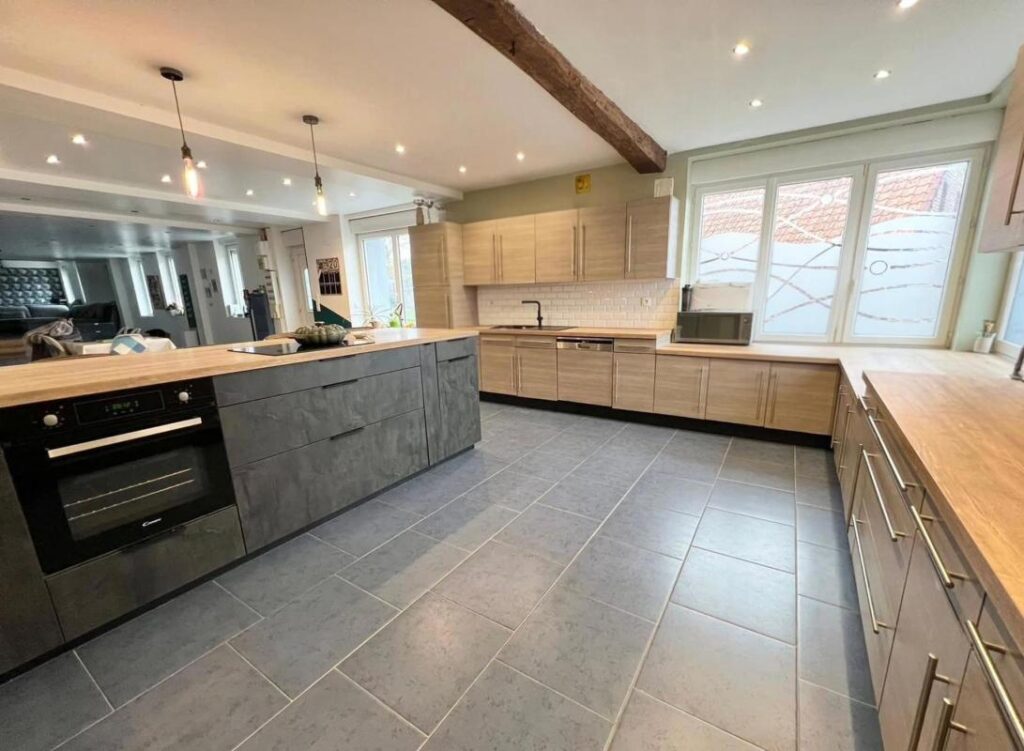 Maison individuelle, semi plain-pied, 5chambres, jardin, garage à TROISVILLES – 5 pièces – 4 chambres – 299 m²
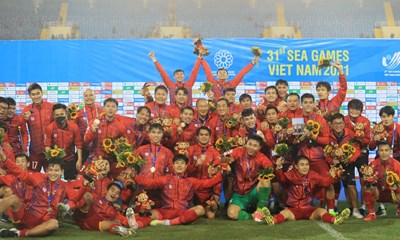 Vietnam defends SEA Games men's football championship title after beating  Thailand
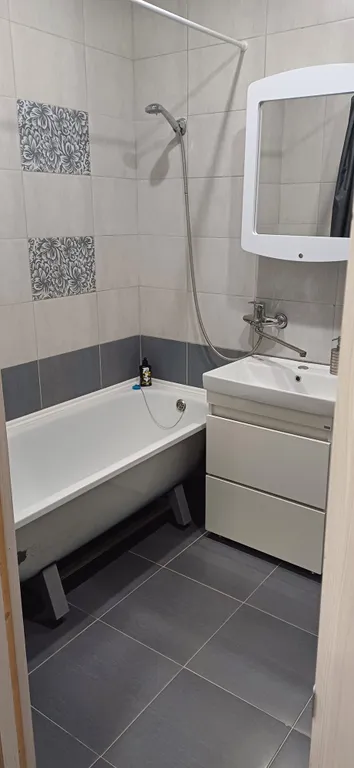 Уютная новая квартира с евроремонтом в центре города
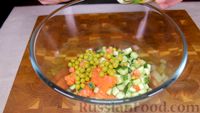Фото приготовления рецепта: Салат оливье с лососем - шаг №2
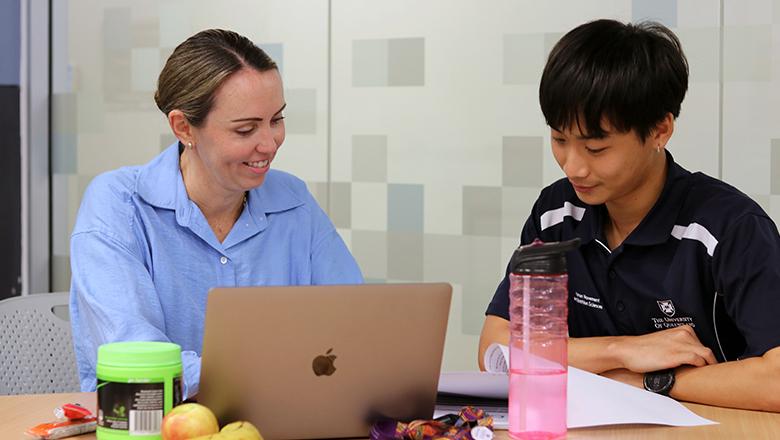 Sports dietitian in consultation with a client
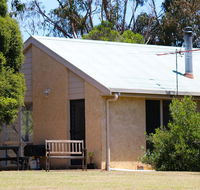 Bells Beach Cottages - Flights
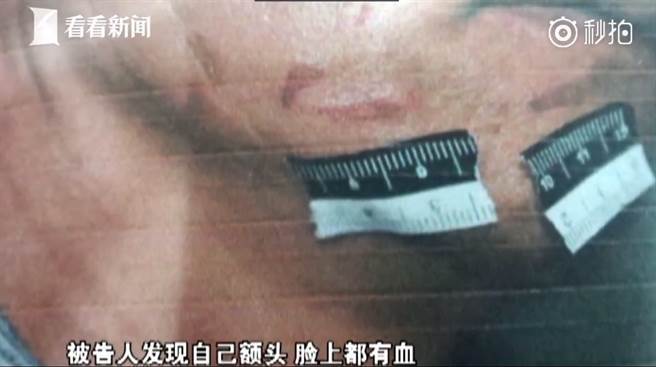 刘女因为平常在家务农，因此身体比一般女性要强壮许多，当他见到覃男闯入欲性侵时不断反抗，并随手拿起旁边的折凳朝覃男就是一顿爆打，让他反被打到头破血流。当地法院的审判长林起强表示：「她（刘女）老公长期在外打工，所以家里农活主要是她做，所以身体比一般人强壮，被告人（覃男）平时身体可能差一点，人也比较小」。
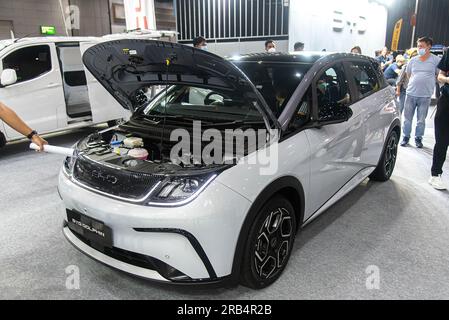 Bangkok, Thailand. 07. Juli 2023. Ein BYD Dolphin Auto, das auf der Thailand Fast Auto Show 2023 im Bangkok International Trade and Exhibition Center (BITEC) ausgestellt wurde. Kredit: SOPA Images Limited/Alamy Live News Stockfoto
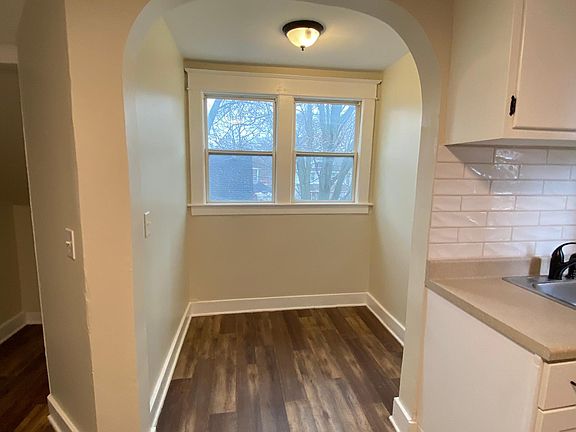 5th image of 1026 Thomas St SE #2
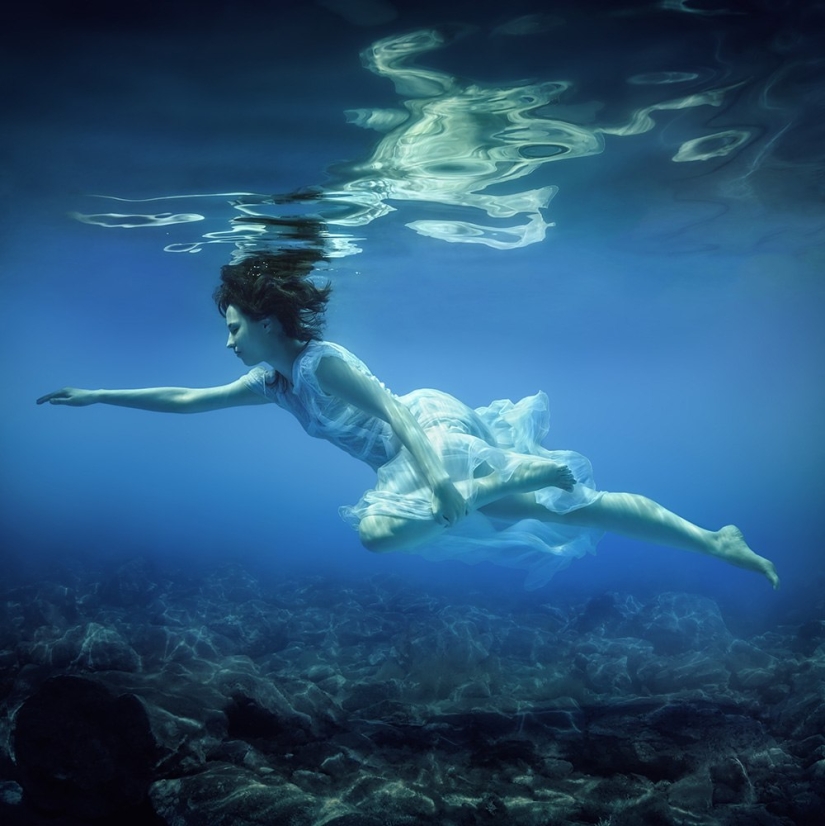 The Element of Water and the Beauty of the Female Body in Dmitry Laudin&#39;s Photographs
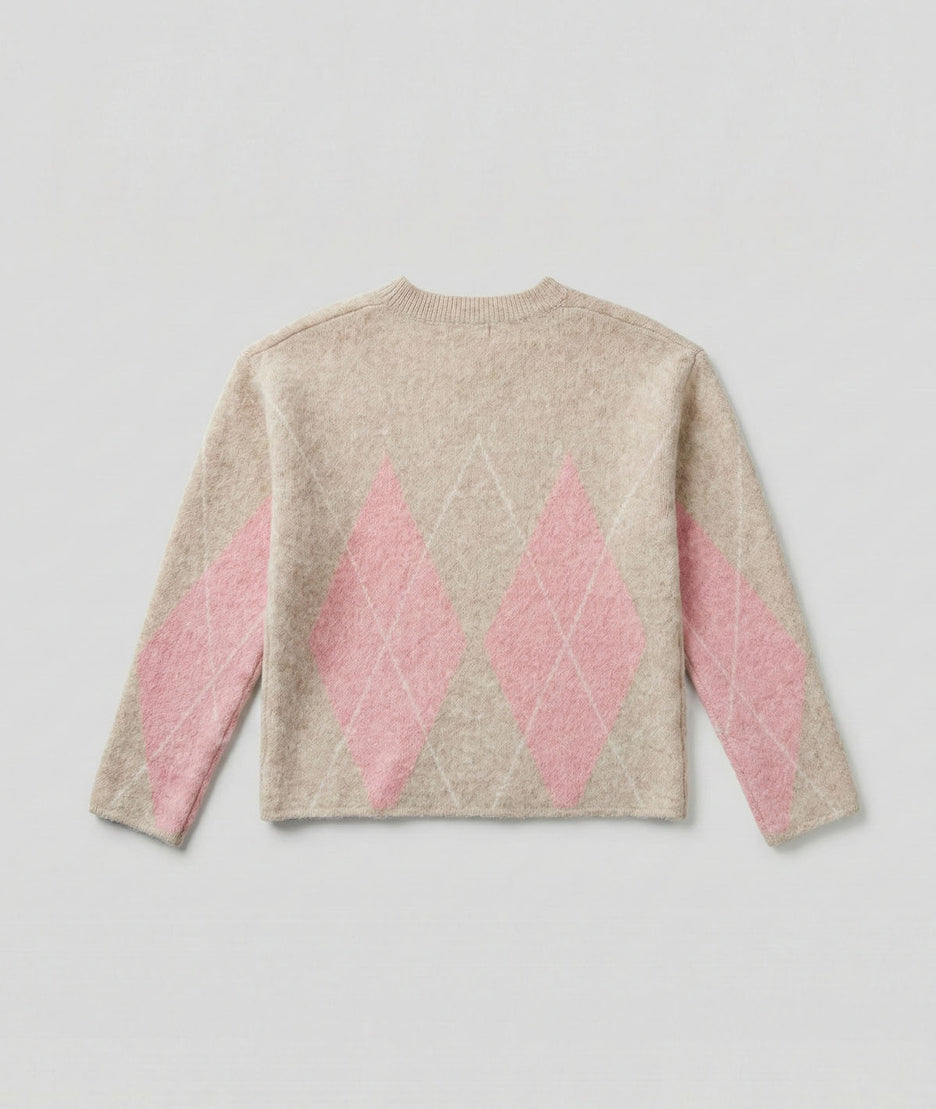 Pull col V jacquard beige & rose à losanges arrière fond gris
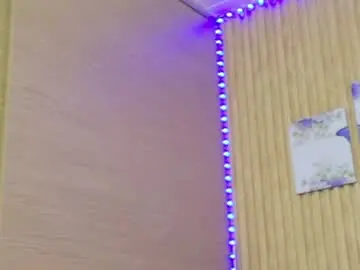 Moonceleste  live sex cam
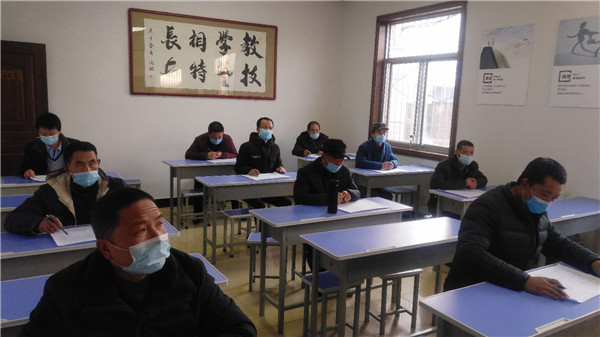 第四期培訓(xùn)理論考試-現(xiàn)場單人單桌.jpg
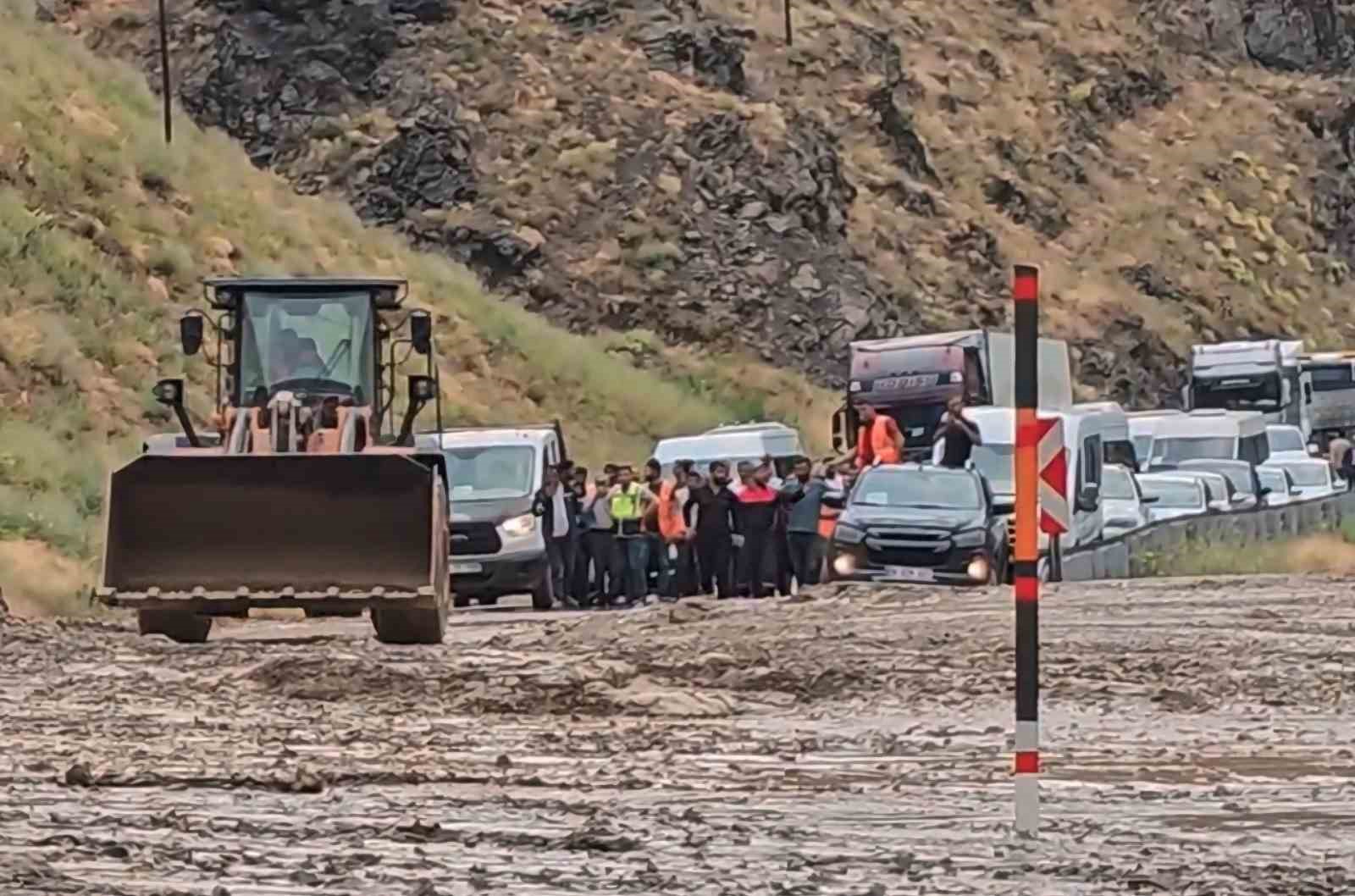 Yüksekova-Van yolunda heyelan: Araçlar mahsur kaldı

= = =

• _ACTIVITY_
Give again, exactly as written, the lines from the one with "The Element of" through the last line of the entries above, but skip the pictures.

• _TASK SOLUTION_
 The Element of Water and the Beauty of the Female Body in Dmitry Laudin&#39;s Photographs
 Pull col V jacquard beige & rose à losanges arrière fond gris
 Moonceleste  live sex cam
 第四期培訓(xùn)理論考試-現(xiàn)場單人單桌.jpg
 Yüksekova-Van yolunda heyelan: Araçlar mahsur kaldı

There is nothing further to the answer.